UCLA

Sensitivity and dynamic range are two important characteristics of sensory receptors in the nervous system that define the physiological role of these cells. Rod cells in the retina of a mouse have the ability to detect very dim lights by closing cyclic-gated nucleotide channels. This extreme sensitivity would be impractical if the dynamic range on these cells was limited. Adaptation is a process by which the sensitivity of the transduction cascade is adjusted so cells can function within broader ranges of stimuli. Electrical recordings of circulating currents have been used to show that in the presence of steady background light, rods are desensitized so that saturation doesn't occur, and they remain responsive to increments and decrements of illumination. Furthermore, changes in calcium concentration have been proposed to mediate modulations of various molecules within the transduction pathways.

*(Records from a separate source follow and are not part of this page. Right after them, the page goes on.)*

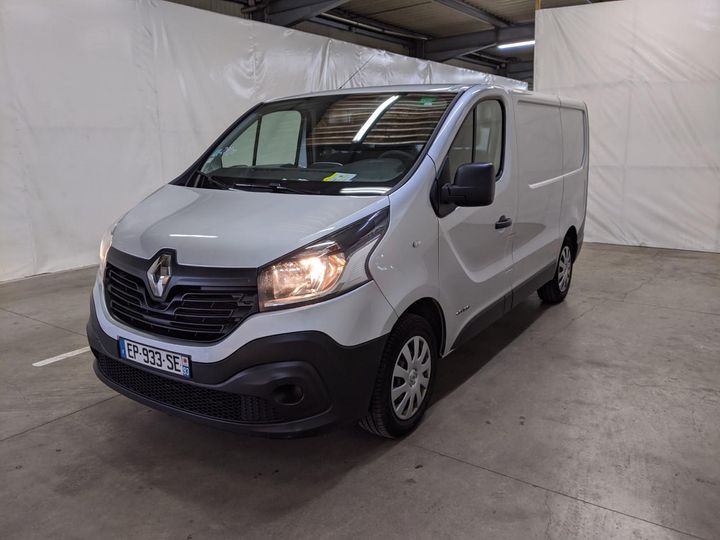 renault trafic 2017 vf1fl000258240708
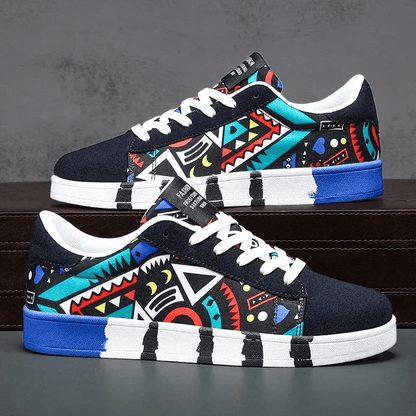 Mosaic Sneakers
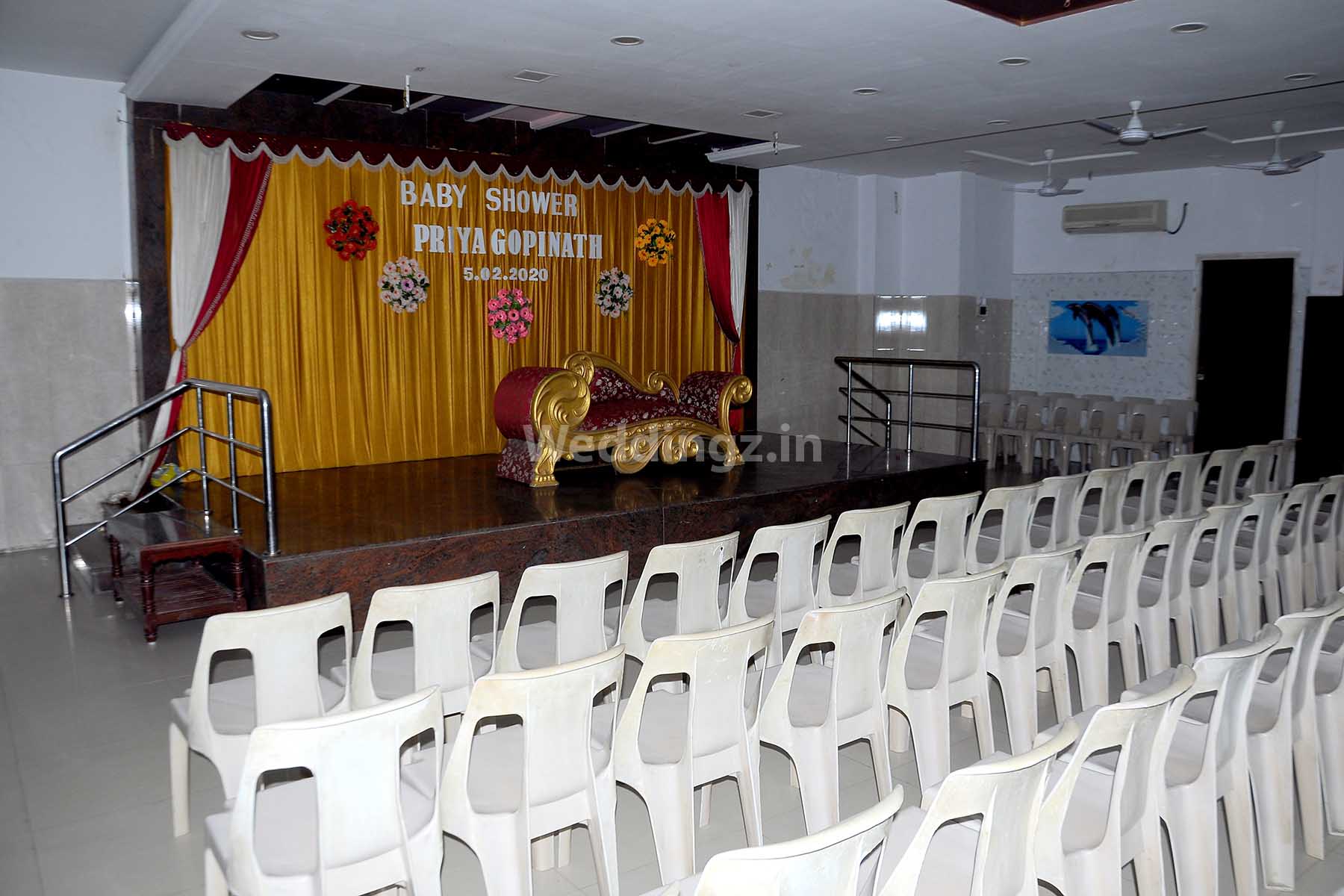 Thayilpatti Nadar Marriage Hall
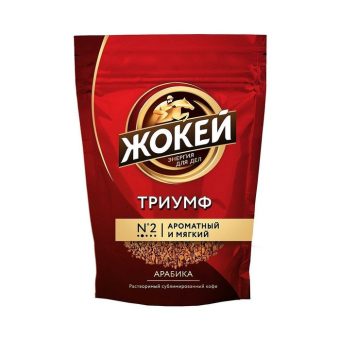 Кофе Жокей Триумф Кристалл, 75г
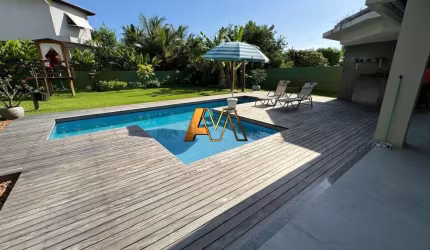Casa à venda no bairro Busca Vida (Abrantes) - Camaçari/BA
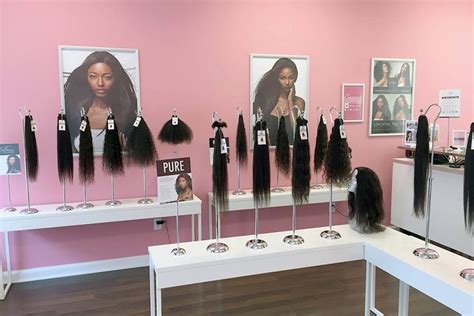 5 Hair Stores Near You to Get Your Dream Hair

In this project, we investigated the time course of desensitization and recovery in adaptation using suction electrode recording. We were able to show, desensitization at various ranges of adapting light, as manifested by the fact that reduction in sensitivity acceleration of recovery is already present at 500 ms. We also demonstrated that in recovery from adaptation, sensitivity of the rod returns back to its dark-adapted levels within 2 seconds. The persistence of adaptation in the form of acceleration of recovery was present with extremely dim lights and the time constant of its recovery to dark-adapted levels was dependent on the intensity of the background light.